The output from the second command: APPTAINER_APPNAME= APPTAINER_BIND=/home/$USERID/scripts/MetacellAnalysisToolkit APPTAINER_COMMAND=exec APPTAINER_CONTAINER=/home/$USERID/scripts/MetacellAnalysisToolkit/matk_v1.0.sif APPTAINER_ENVIRONMENT=/.singularity.d/env/91-environment.sh APPTAINER_NAME=matk_v1.0.sif HOME=/home/$USERID LANG=C.UTF-8 LC_ALL=C.UTF-8 LD_LIBRARY_PATH=/.singularity.d/libs PATH=/opt/conda/envs/MetacellAnalysisToolkit/bin:/opt/conda/bin:/usr/local/sbin:/usr/local/bin:/usr/sbin:/usr/bin:/sbin:/bin:/MetacellAnalysisToolkit/cli/ PROMPT_COMMAND=PS1="Apptainer> "; unset PROMPT_COMMAND PS1=Apptainer> PWD=/gpfs/ycga/pi/coppola/SamKatz/scripts/MetacellAnalysisToolkit R_LIBS_USER=/opt/conda/envs/MetacellAnalysisToolkit/lib/R/library SINGULARITY_BIND=/home/$USERID/scripts/MetacellAnalysisToolkit SINGULARITY_CONTAINER=/home/$USERID/scripts/MetacellAnalysisToolkit/matk_v1.0.sif SINGULARITY_ENVIRONMENT=/.singularity.d/env/91-environment.sh SINGULARITY_NAME=matk_v1.0.sif TERM=xterm-256color

Best Gianfilippo

aurelieGabriel commented 6 months ago

Hello,

Based on these outputs, to me it seems that the paths inside the container are correct with --cleanenv, what is your error running the matk command including the cleanenv option?

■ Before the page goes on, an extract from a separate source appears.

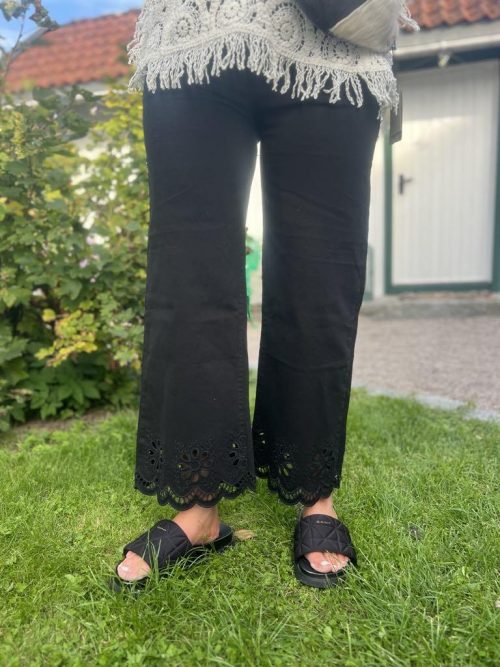 Ormi Jeans denimbukse - sort 2239-1 - Bilde 2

singularity run --no-home --cleanenv --bind $(pwd) matk_v1.0.sif MATK -t SuperCell -i data/cd34_multiome_rna.h5ad -o MATK_output/SuperCell/cd34/ -n 50 -f 2000 -k 30 -g 75 -s seurat

or

singularity run --no-home --cleanenv --env R_LIBS_USER=/opt/conda/envs/MetacellAnalysisToolkit/lib/R/library --bind $(pwd) matk_v1.0.sif MATK -t SuperCell -i data/cd34_multiome_rna.h5ad -o MATK_output/SuperCell/cd34/ -n 50 -f 2000 -k 30 -g 75 -s seurat

I had some issues installing your version of apptainer, I will come back to you when it is solved. Best, Aurélie

gianfilippo commented 5 months ago

Hi,

sorry about the delay.

I just tried the last two commands and the runs completed without errors.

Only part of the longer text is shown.